We vow not to support President Barack Obama for renomination (emphasis, j.w.) for another term in office, and to actively seek to impede his war policies unless and until he reverses them.
“Renomination”? Many of these very people were calling for George W. Bush’s impeachment for doing what Obama is doing now, although Obama is doing more of it, as the rest of the petition makes clear.
“Renomination”? Does anyone think that the Democratic Party machine will deny Obama the nomination in 2012? And is there even the faintest suggestion here that the petitioners will try to field another candidate, a genuine peace candidate?
“Renomination”? Does that mean that the signatories will vote for Obama once he has been nominated out of fear of the Republican “fascists,” as the Republican opposition, not much different from Obama himself, is so often and so glibly labeled.
As we all know, politicians in general and Obama in particular care not one whit about petitions such as these. They care only about a threat to being elected or re-elected. The time for begging or petitioning Obama to change is long since past. It is time to organize an alternative. If a serious challenge to Obama and indeed to both War Parties is to be mounted, it must begin soon. Unfortunately no such challenge has appeared on the horizon as yet. It certainly does not appear in this petition. Time is running out, and petitions like these can even forestall necessary action by giving people the false sense that they “have done something.”

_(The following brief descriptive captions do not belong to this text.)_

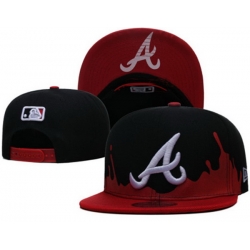 Atlanta Braves Snapback Cap 25918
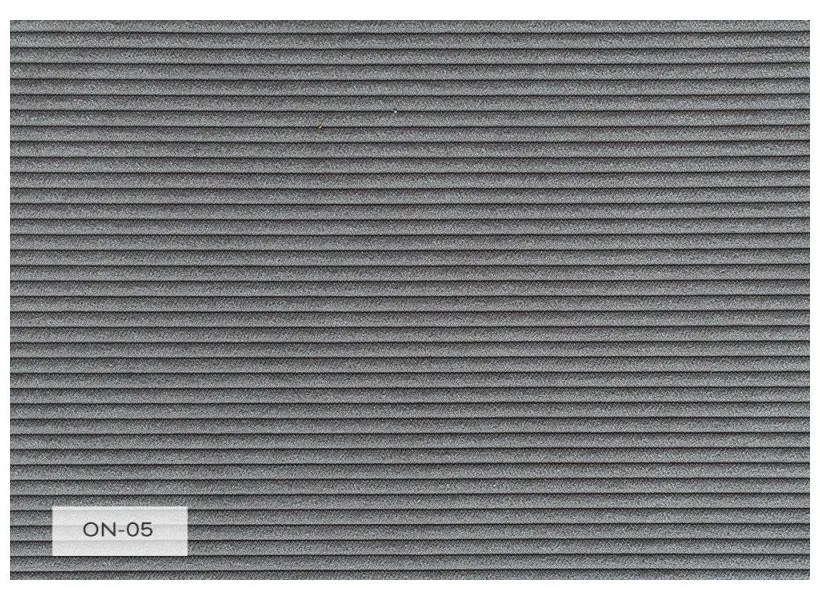 Сиво кресло от рипсено кадифе Lofty Lilly – Miuform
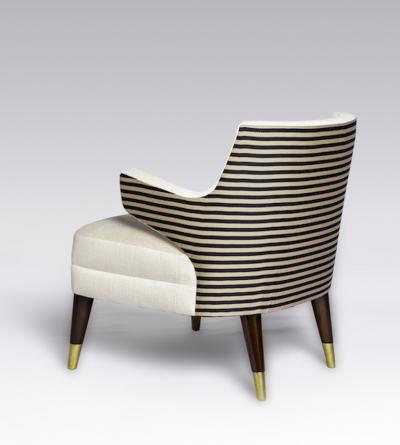  Studio Van den Akker The Doria Club Chair by Studio Van den Akker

The manifesto makes it clear that two thirds of Americans are now antiwar. And many of that two-thirds care little for the Democratic Party or for Obama. But the word “renomination” was chosen to keep the locus of antiwar activity within the Democratic Party. That is a losing strategy as we have learned over and over again. Such statements as this petition are not casually penned and their words not lightly chosen.
Would it not be better to reach out to the Right, both Libertarians like Ron and Rand Paul and Justin Raimondo at Antiwar.com and Paleos like Dan McCarthy at The American Conservative or Lew Rockwell or the Future of Freedom Foundation? Some functionary in the White House sub-basement assigned to keep watch on antiwar intellectuals must have breathed a sigh of relief that no mention was made of that. But how can one refuse to develop such alliances with the antiwar Right and others? To fail at that will only lead to a smaller antiwar movement and the probability that Obama’s armies of Empire will continue to grind millions into the dust? Can that be justified morally?
Most of the signatories are principled women and men disgusted with war. But the action against Obama they call for does not match the crimes they cite – it does not even come close. Electoral action, among other forms of activism, is needed, and the considerable prestige attached to some on this list of signatories can help to initiate such action. On the other hand, some among the signers have always come down on the side of the Dems in the end, no matter what they do. Let us hope that the latter are not in the driver’s seat and that this manifesto is but one brief step on a determined and forceful march to field a badly needed alternative in 2012. The hour is late and lives by the score are lost every day at Obama’s hand.